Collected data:
[Start of Attachment]

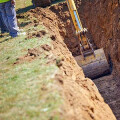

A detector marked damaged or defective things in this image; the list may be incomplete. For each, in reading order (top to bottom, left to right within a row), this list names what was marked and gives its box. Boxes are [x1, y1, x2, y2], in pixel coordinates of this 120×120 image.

excavator paint chipped [32, 0, 110, 79]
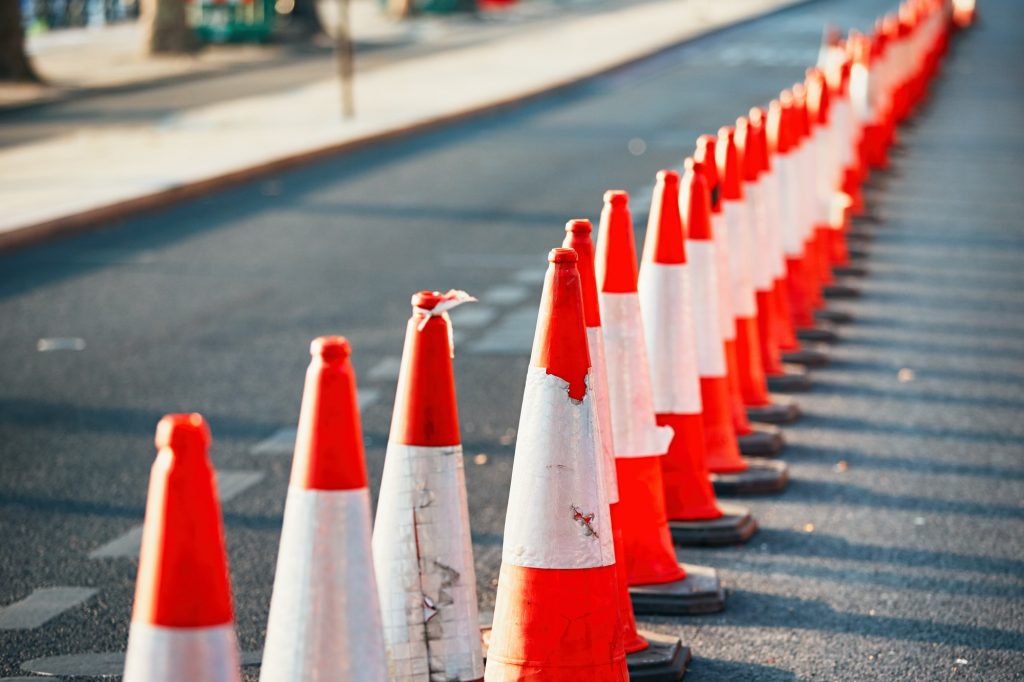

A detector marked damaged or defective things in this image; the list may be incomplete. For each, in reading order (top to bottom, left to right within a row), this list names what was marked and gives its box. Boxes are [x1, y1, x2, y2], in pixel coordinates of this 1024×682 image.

damaged cone with torn tape [123, 409, 241, 679]
damaged cone with torn tape [262, 333, 389, 679]
damaged cone with torn tape [374, 288, 485, 679]
damaged cone with torn tape [483, 246, 626, 675]
damaged cone with torn tape [569, 219, 688, 679]
damaged cone with torn tape [593, 188, 729, 614]
damaged cone with torn tape [638, 171, 761, 548]
damaged cone with torn tape [684, 161, 786, 497]
damaged cone with torn tape [700, 130, 786, 454]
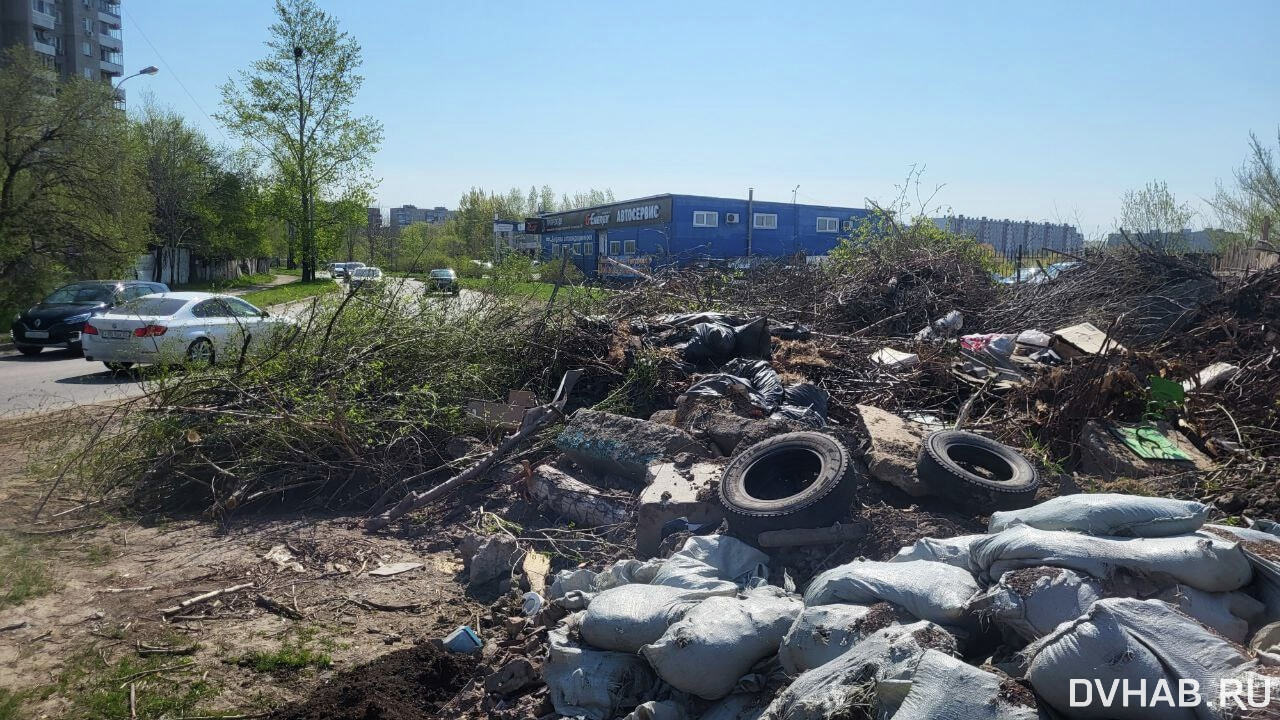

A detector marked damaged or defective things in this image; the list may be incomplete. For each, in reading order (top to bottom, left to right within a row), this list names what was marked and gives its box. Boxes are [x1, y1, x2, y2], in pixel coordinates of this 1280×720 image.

broken concrete block [870, 348, 921, 368]
broken concrete block [1049, 320, 1121, 356]
broken concrete block [1182, 358, 1233, 392]
broken concrete block [555, 409, 711, 481]
broken concrete block [855, 399, 926, 497]
broken concrete block [1075, 417, 1213, 479]
broken concrete block [634, 461, 727, 558]
broken concrete block [468, 532, 522, 589]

[End of Attachment]

TASK PROMPT —
Images aside, return each entry above precisely as it stands.

SOLUTION TO THE PROBLEM —
A detector marked damaged or defective things in this image; the list may be incomplete. For each, in reading order (top to bottom, left to right within a row), this list names what was marked and gives its box. Boxes are [x1, y1, x2, y2], in pixel coordinates of this 120×120 image.

excavator paint chipped [32, 0, 110, 79]

A detector marked damaged or defective things in this image; the list may be incomplete. For each, in reading order (top to bottom, left to right within a row), this list names what was marked and gives its box. Boxes are [x1, y1, x2, y2], in pixel coordinates of this 1024×682 image.

damaged cone with torn tape [123, 409, 241, 679]
damaged cone with torn tape [262, 333, 389, 679]
damaged cone with torn tape [374, 288, 485, 679]
damaged cone with torn tape [483, 246, 626, 675]
damaged cone with torn tape [569, 219, 688, 679]
damaged cone with torn tape [593, 188, 729, 614]
damaged cone with torn tape [638, 171, 761, 548]
damaged cone with torn tape [684, 161, 786, 497]
damaged cone with torn tape [700, 130, 786, 454]

A detector marked damaged or defective things in this image; the list may be incomplete. For each, in reading order (top to bottom, left to right within a row), this list names what was marked and gives its box. Boxes are [x1, y1, x2, y2], in pixel coordinates of this 1280×720 image.

broken concrete block [870, 348, 921, 368]
broken concrete block [1049, 320, 1121, 356]
broken concrete block [1182, 358, 1233, 392]
broken concrete block [555, 409, 711, 481]
broken concrete block [855, 399, 926, 497]
broken concrete block [1075, 417, 1213, 479]
broken concrete block [634, 461, 727, 558]
broken concrete block [468, 532, 522, 589]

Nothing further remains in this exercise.